In the Dataflow SDKs, a pipeline represents a data processing job. You build a pipeline by writing a program using a Dataflow SDK. A pipeline consists of a set of operations that can read a source of input data, transform that data, and write out the resulting output. The data and transforms in a pipeline are unique to, and owned by, that pipeline. While your program can create multiple pipelines, pipelines cannot share data or transforms.
You can create pipelines with varying degrees of complexity. A pipeline can be relatively simple and linear, where a set of transforms are executed one after another, or a pipeline can branch and merge. In this way, you can think of a pipeline as a directed graph of steps, rather than a simple linear sequence of steps. Your pipeline construction can create this directed graph by using conditionals, loops, and other common programming structures.
Note: When you write a program with a Dataflow SDK, your program creates a
pipeline specification. This specification is sent to a pipeline runner, which can be the
Cloud Dataflow service or a third-party
runner. The pipeline runner executes the actual pipeline asynchronously. A pipeline can also be
executed locally for test and debugging purposes.
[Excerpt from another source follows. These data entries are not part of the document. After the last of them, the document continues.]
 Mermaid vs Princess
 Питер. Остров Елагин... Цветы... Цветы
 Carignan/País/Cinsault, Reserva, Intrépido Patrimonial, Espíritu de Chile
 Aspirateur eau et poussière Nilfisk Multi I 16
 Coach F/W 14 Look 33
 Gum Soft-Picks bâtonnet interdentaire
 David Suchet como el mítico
When the pipeline runner builds your actual pipeline for distributed execution, the pipeline
may be optimized. For example,
it may be more computationally efficient to run certain transforms together, or in a different
order. The Dataflow service fully manages this aspect of your pipeline's execution.
Parts of a Pipeline
A pipeline consists of two parts: data and transforms applied to that data. The Dataflow SDKs provide classes to represent both data and transforms. The Dataflow SDKs tie together the data classes and transform classes to construct the entire pipeline. See Constructing Your Pipeline for a start-to-finish guide on how to use the Dataflow SDK classes to construct your pipeline.
Pipeline Data
In the Dataflow SDKs, pipelines use a specialized collection class called
PCollection
to represent their input, intermediate, and output data.
PCollection
s can be used to represent data sets of virtually any size. Note that
compared to typical collection classes such as Java's Collection
,
PCollection
s are specifically designed to support parallelized processing.
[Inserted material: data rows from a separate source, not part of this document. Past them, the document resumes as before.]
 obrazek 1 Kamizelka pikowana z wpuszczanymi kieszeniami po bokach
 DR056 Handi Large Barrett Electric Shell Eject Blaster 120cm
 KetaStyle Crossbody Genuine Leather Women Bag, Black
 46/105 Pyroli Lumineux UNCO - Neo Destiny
A pipeline must create a PCollection
for any data it needs to work with. You can
read data from an external source into a PCollection
, or you can create a
PCollection
from local data in your Dataflow program. From there, each transform
in your pipeline accepts one or more PCollection
s as input and produces one or more
PCollection
s as output.
See PCollection for a complete discussion of how a
PCollection
works and how to use one.
Pipeline Transforms
A transform is a step in your pipeline. Each transform takes one or more
PCollection
s as input, changes or otherwise manipulates the elements of that
PCollection
, and produces one or more new PCollection
s as output.
Core Transforms
The Dataflow SDKs contain a number of core transforms. A core transform is a generic
operation that represents a basic or common processing operation that you perform on your
pipeline data. Most core transforms provide a processing pattern, and require you to create and
supply the actual processing logic that gets applied to the input PCollection
.
For example, the ParDo core transform provides a generic
processing pattern: for every element in the input PCollection
, perform a
user-specified processing function on that element. The Dataflow SDKs supply core transforms such
as ParDo and
GroupByKey, as well as other core transforms for
combining, merging, and splitting data sets.
See Transforms for a complete discussion of how to use transforms in your pipeline.
Composite Transforms
The Dataflow SDKs support combining multiple transforms into larger composite transforms. In a composite transform, multiple transforms are applied to a data set to perform a more complex data processing operation. Composite transforms are a good way to build modular, reusable combinations of transforms that do useful things.
The Dataflow SDKs contain libraries of pre-written composite transforms that handle common data processing use cases, including (but not limited to):
- Combining data, such as summing or averaging numerical data
- Map/Shuffle/Reduce-style processing, such as counting unique elements in a collection
- Statistical analysis, such as finding the top N elements in a collection
You can also create your own reusable composite transforms. See Creating Composite Transforms for a complete discussion.
Root Transforms
The Dataflow SDKs often use root transforms at the start of a pipeline to create an initial PCollection. Root transforms frequently involve reading data from an external data source. See Pipeline I/O for additional information.
A Simple Example Pipeline
The following example demonstrates constructing and running a pipeline with three transforms: a transform to read in some data, a transform to count the data, and a transform to write out the results of the count.
Note: See Constructing Your Pipeline for a detailed discussion of how to construct a pipeline using the classes in the Dataflow SDKs.
A common style for constructing a pipeline is to "chain" transforms together. To chain
transforms, you apply each new transform directly to the resulting PCollection
of
the previous transform, as shown in the following example.
Java
public static void main(String[] args) { // Create a pipeline parameterized by commandline flags. Pipeline p = Pipeline.create(PipelineOptionsFactory.fromArgs(args)); p.apply(TextIO.Read.from("gs://...")) // Read input. .apply(new CountWords()) // Do some processing. .apply(TextIO.Write.to("gs://...")); // Write output. // Run the pipeline. p.run(); }
In the example, the first call to apply
invokes a
root transform to create a PCollection
(in this case, by reading data from a file).
Each subsequent call to apply
gets called on each resulting PCollection
in turn.
Note: Note that the return value for the entire chain is not saved. This is
because the final apply
call to the Write
transform returns a trivial
value of type PDone
instead of a PCollection
. PDone
is
generally ignored.